Whatever issue she has that justifies all these bad life choices, this would have been her last one. Those miscreants had little to no use for her after she provided transportation out of the area. She would have served her purpose and would have just been a liability, after that. She's lucky her sense of self-preservation prevailed.


----------



## May1968 (Dec 16, 2014)

I just can't imagine the thought process that would allow her to think that the POS even loved her and she him. And what a catch he had to be, a convicted murderer. She was expendable to them, infact would have been a liability that they would have to eliminate once she served her purpose.


----------



## BobSimmons (Mar 2, 2013)

May1968 said:


> I just can't imagine the thought process that would allow her to think that the POS even loved her and she him. And what a catch he had to be, a convicted murderer. She was expendable to them, infact would have been a liability that they would have to eliminate once she served her purpose.

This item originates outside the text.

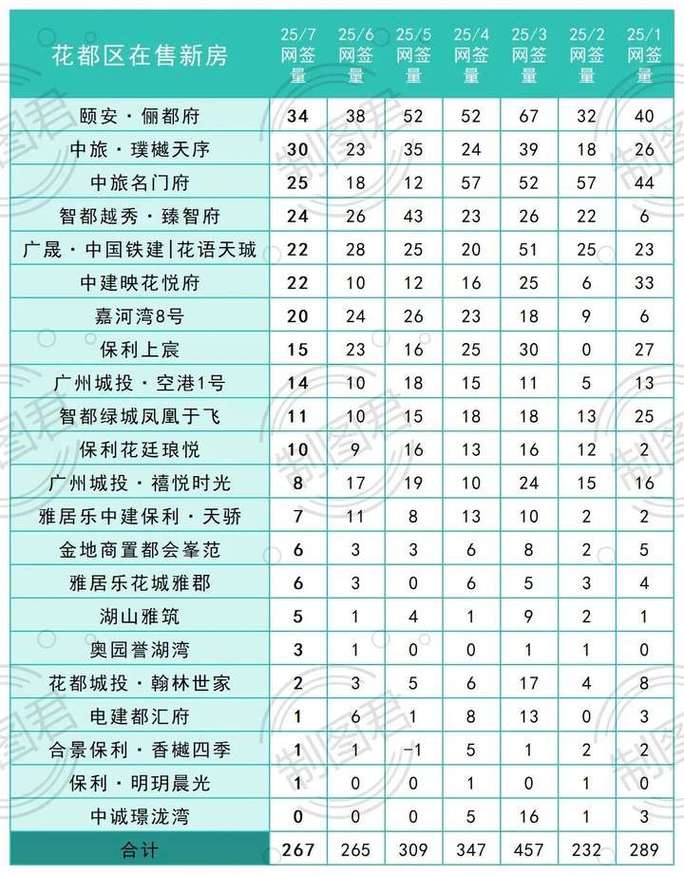 花都新房价格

Probably why she backed out, probably the reason she's still alive. But she's screwed now, and it's all her own fault.


----------



## F-102 (Sep 15, 2010)

Now it turns out that her H "can't stand by her", especially after he found out that she and her 2 jailbirds were planning to off him!


----------



## Thundarr (Jul 4, 2012)

F-102 said:


> Now it turns out that her H "can't stand by her", especially after he found out that she and her 2 jailbirds were planning to off him!


It's so very difficult to figure out who's the bigger fool here.


----------



## Nomorebeans (Mar 31, 2015)

Further proof that people don't change - they just get older.


----------



## ThePheonix (Jan 3, 2013)

BobSimmons said:


> pigeons coming home to roost, but eventually sooner or later your bad decisions will cost you.


It turns out the pigeons were her first and second husbands.


----------